**Dataset content**
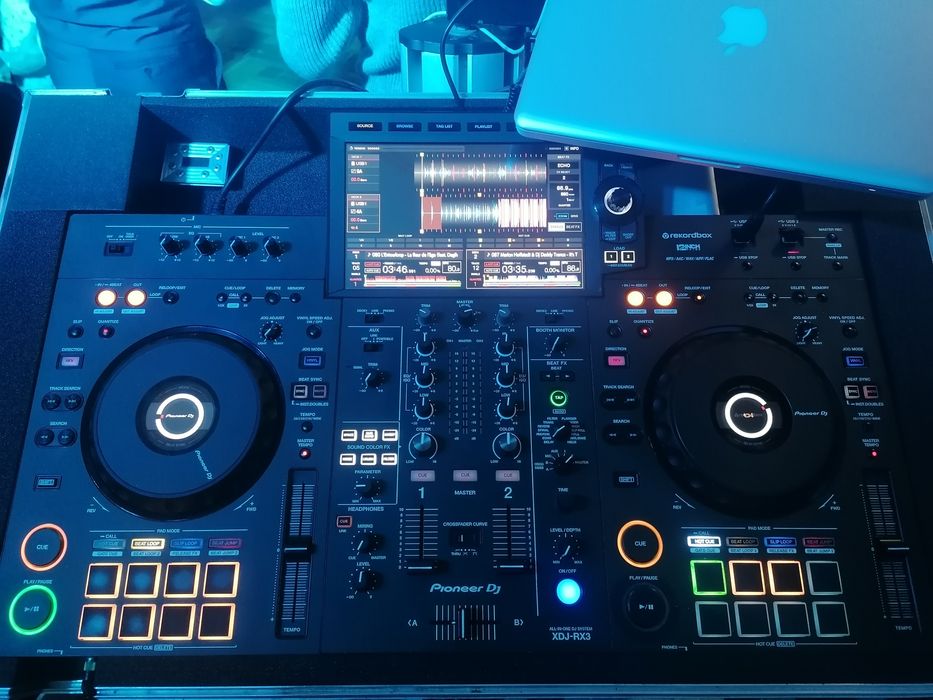 Vând Pioneer XDJ-RX3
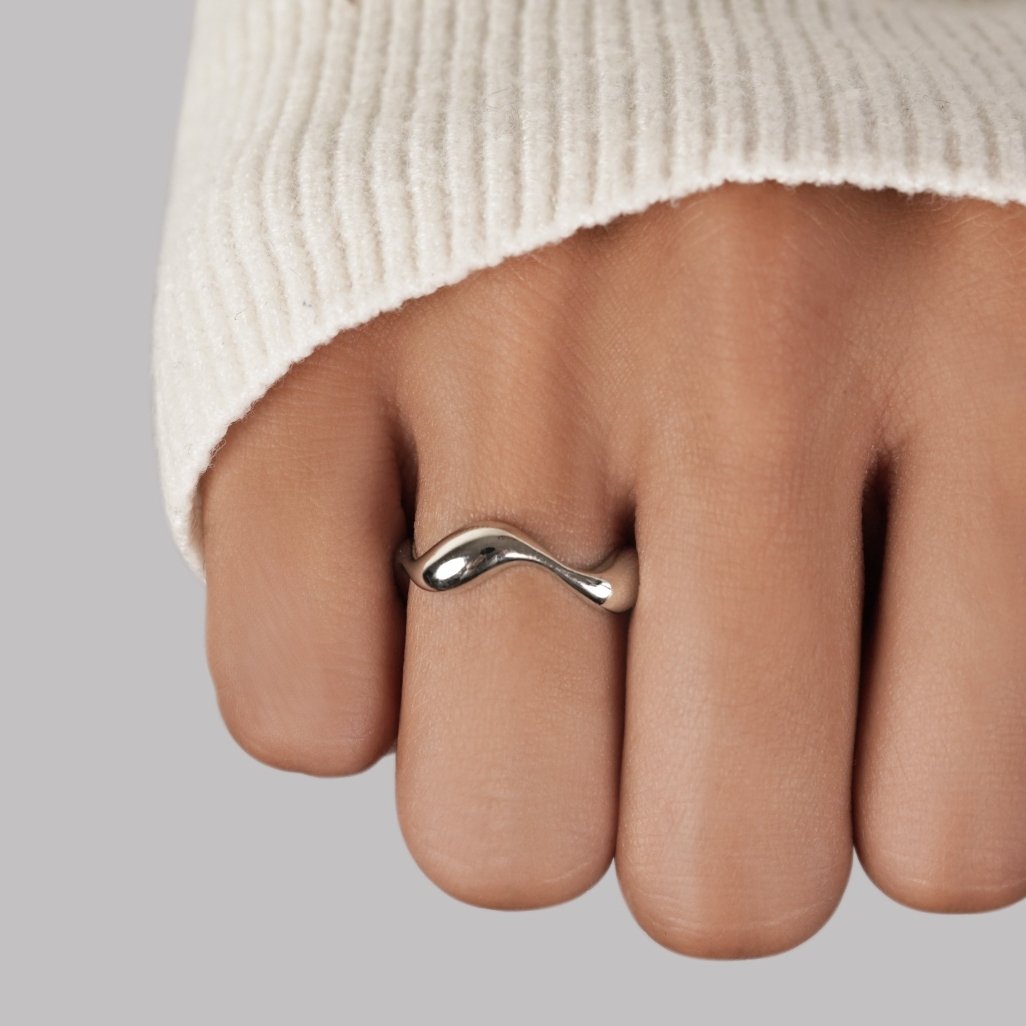 Ondine – Minimalistischer Gewellter Ring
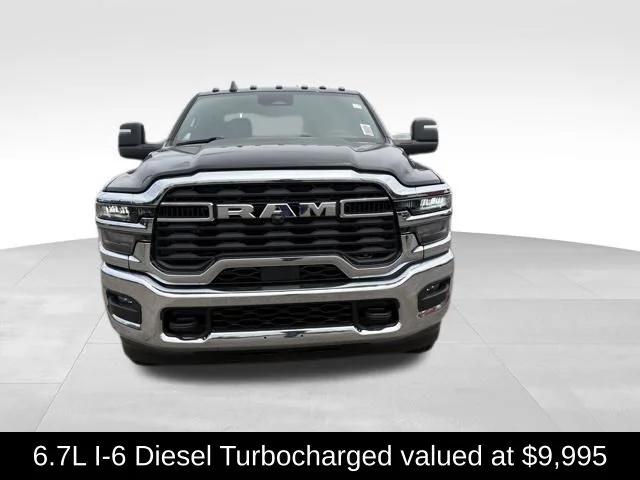 2026 RAM 3500 Chassis RAM 3500 TRADESMAN CREW CAB CHASSIS 4X4 60 CA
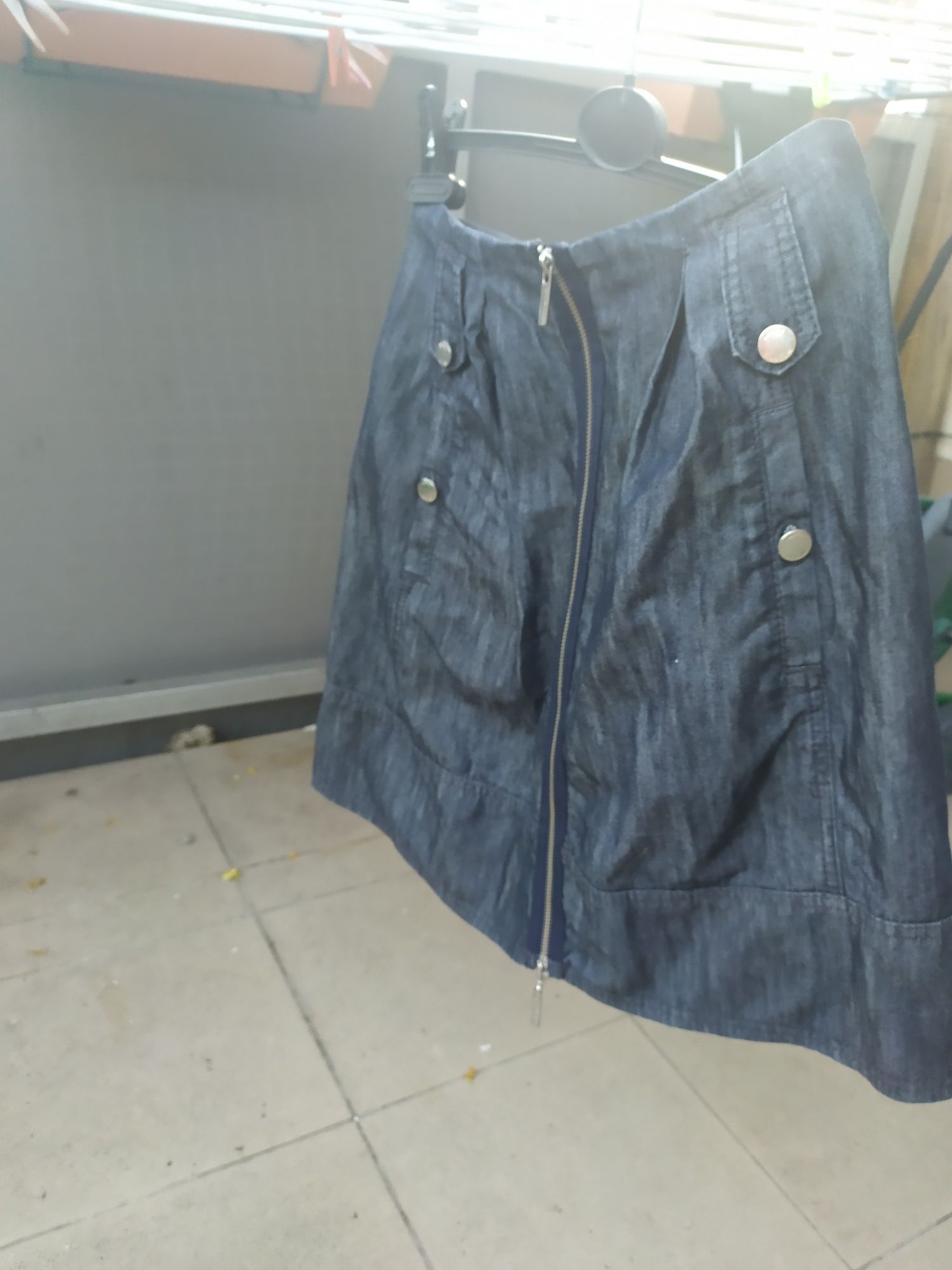Spódnica z cienkiego jeansu Karen Millen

**Brief**
Return the lines exactly, from the one containing "2026 RAM 3500" through the last line above, including both ends and excluding every picture.

**Response**
 2026 RAM 3500 Chassis RAM 3500 TRADESMAN CREW CAB CHASSIS 4X4 60 CA
Spódnica z cienkiego jeansu Karen Millen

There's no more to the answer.